Centre for Endocrinology, Diabetes and Metabolism, School of Clinical and Experimental Medicine, University of Birmingham, Edgbaston, Birmingham B15 2TT, UK.
Mol Cell Endocrinol. 2011 Apr 10;336(1-2):213-8. doi: 10.1016/j.mce.2010.12.004. Epub 2010 Dec 10.

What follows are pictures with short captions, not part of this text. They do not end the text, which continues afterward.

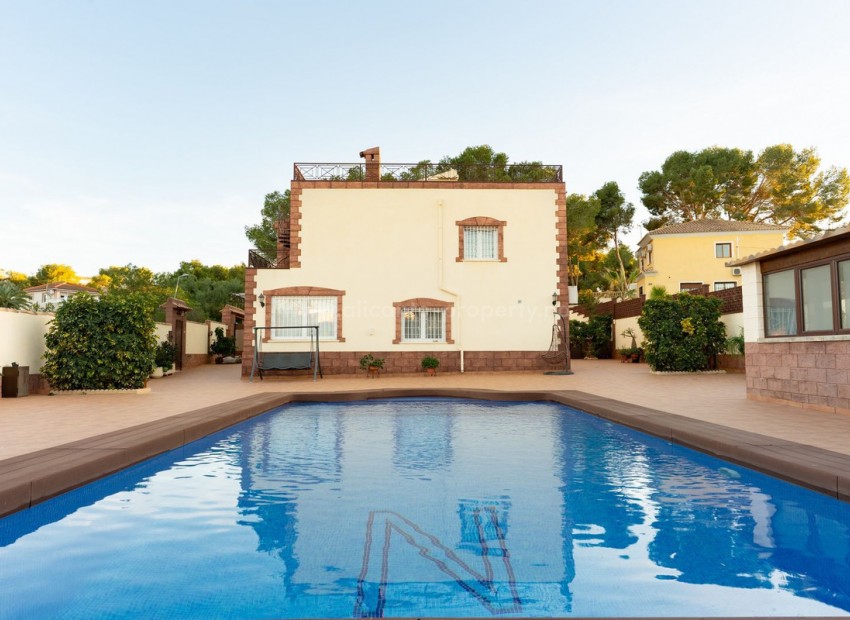 Villa in Los Balcones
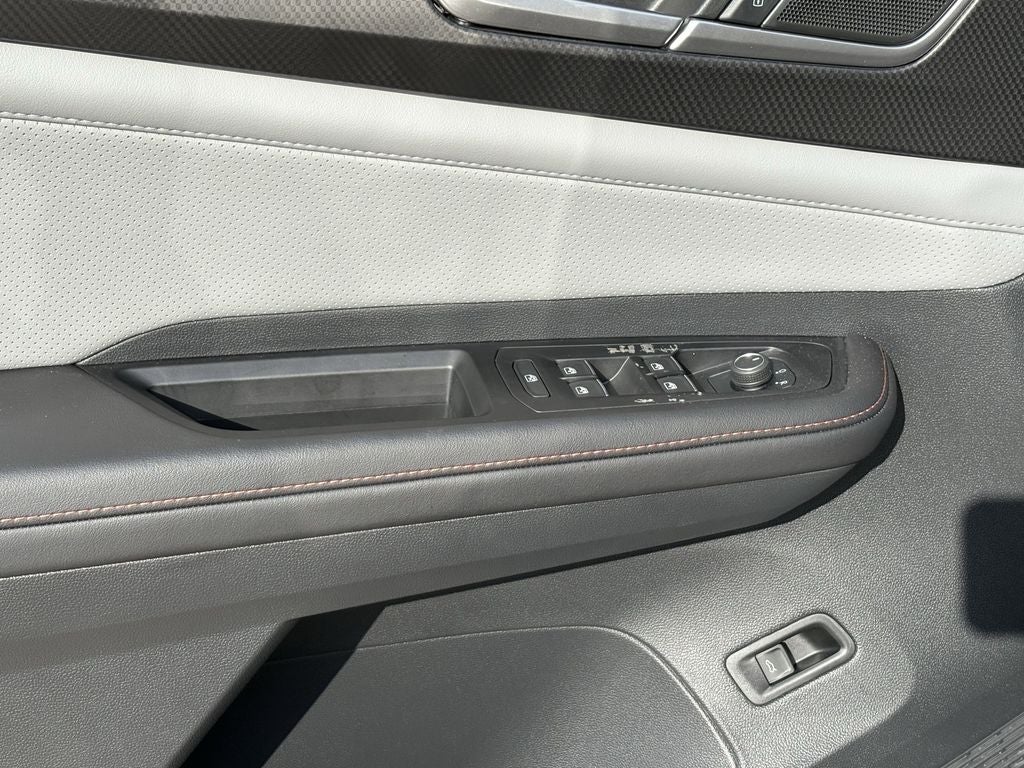 2024 Volkswagen Atlas 2.0T Peak Edition SEL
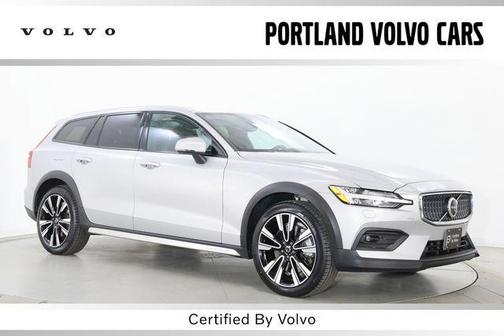 Silver Dawn Metallic 2024 Volvo V60 Cross Country B5 Ultimate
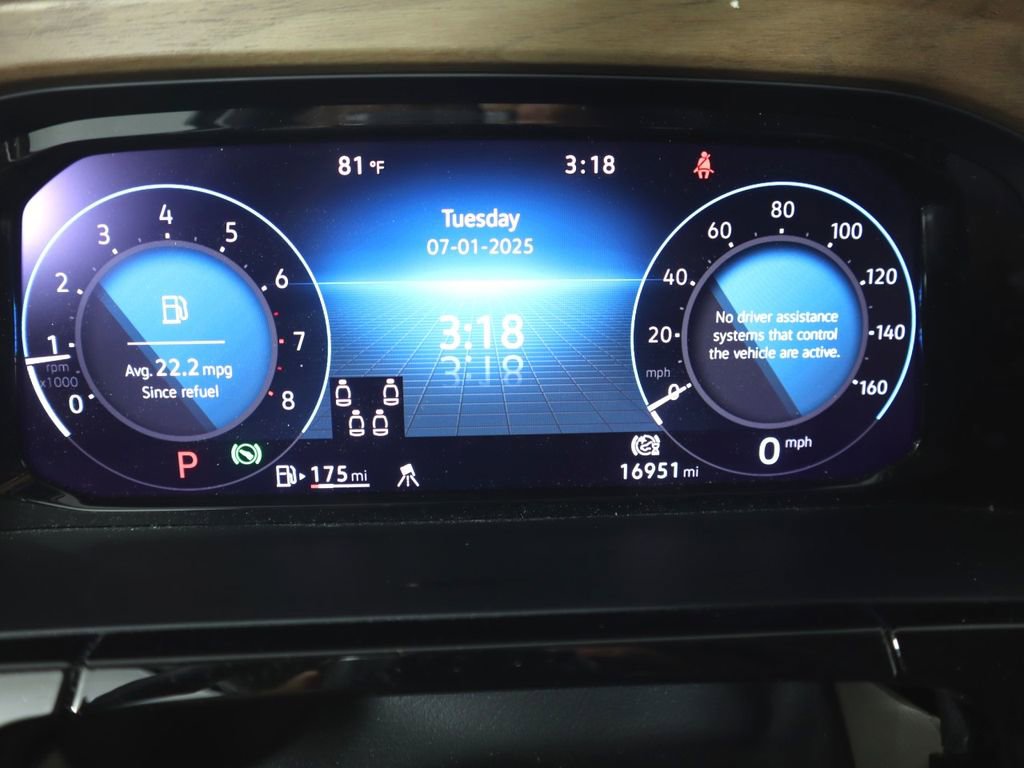 Used 2024 Volkswagen Atlas SE image 11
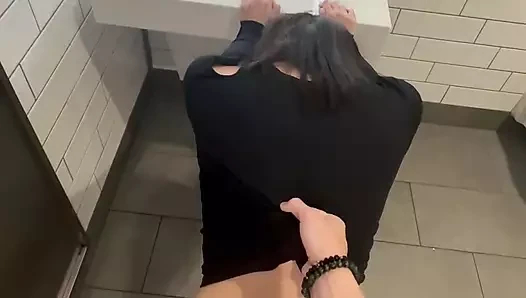 Genç otoparkta yabancının arabasına çarpar ve onu makyaj yapması için seksi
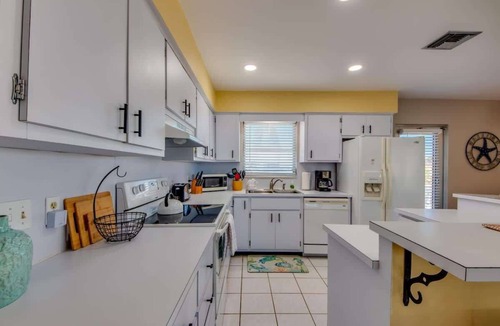 Fort Myers Beach House | 280 Ostego Cute Pet Friendly Pool Home near Beach
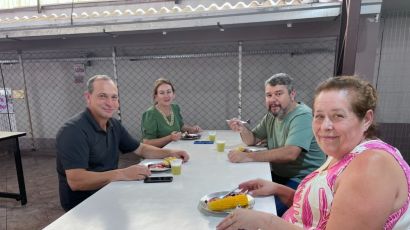 Prefeito e vice de Bom Jesus almoçam com alunos e atestam qualidade da merenda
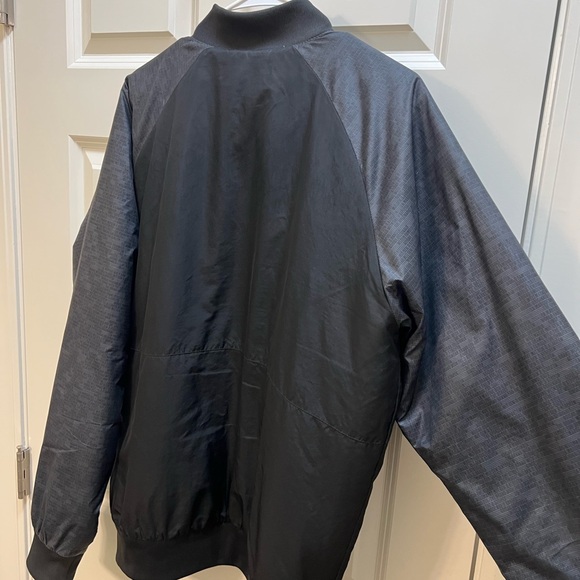 Adidas Men's Black Bomber Jacket - Picture 8 of 9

Hexose-6-phosphate dehydrogenase (H6PDH) has emerged as an important factor in setting the redox status of the endoplasmic reticulum (ER) lumen. An important role of H6PDH is to generate a high NADPH/NADP(+) ratio which permits 11β-hydroxysteroid dehydrogenase type 1 (11β-HSD1) to act as an oxo-reductase, catalyzing the activation of glucocorticoids (GCs). In H6PDH knockout mice 11β-HSD1 assumes dehydrogenase activity and inactivates GCs, rendering the target cell relatively GC insensitive. Consequently, H6PDHKO mice have a phenotype consistent with defects in the permissive and adaptive actions of GCs upon physiology. H6PDHKO mice have also offered an insight into muscle physiology as they also present with a severe vacuolating myopathy, abnormalities of glucose homeostasis and activation of the unfolded protein response due to ER stress, and a number of mechanisms driving this phenotype are thought to be involved. This article will review what we understand of the redox control of GC hormone metabolism regulated by H6PDH, and how H6PDHKO mice have allowed an in-depth understanding of its potentially novel, GC-independent roles in muscle physiology.
己糖-6-磷酸脱氢酶(H6PDH)已成为内质网(ER)腔还原状态的重要因素。H6PDH 的一个重要作用是产生高 NADPH/NADP(+) 比值,使 11β-羟甾类脱氢酶 1(11β-HSD1)能够作为氧化还原酶,催化糖皮质激素(GCs)的激活。在 H6PDH 敲除小鼠中,11β-HSD1 假定具有脱氢酶活性并使 GCs 失活,使靶细胞对 GCs 的敏感性相对降低。因此,H6PDHKO 小鼠的表型与 GCs 对生理学的许可和适应性作用的缺陷一致。H6PDHKO 小鼠还为肌肉生理学提供了一个深入的了解,因为它们还表现出严重的空泡性肌病、葡萄糖稳态异常以及由于内质网应激导致未折叠蛋白反应的激活,并且许多驱动这种表型的机制被认为与之相关。本文将综述我们对 H6PDH 调节的 GC 激素代谢的氧化还原控制的理解,以及 H6PDHKO 小鼠如何使我们深入了解其在肌肉生理学中潜在的新型、非 GC 依赖性作用。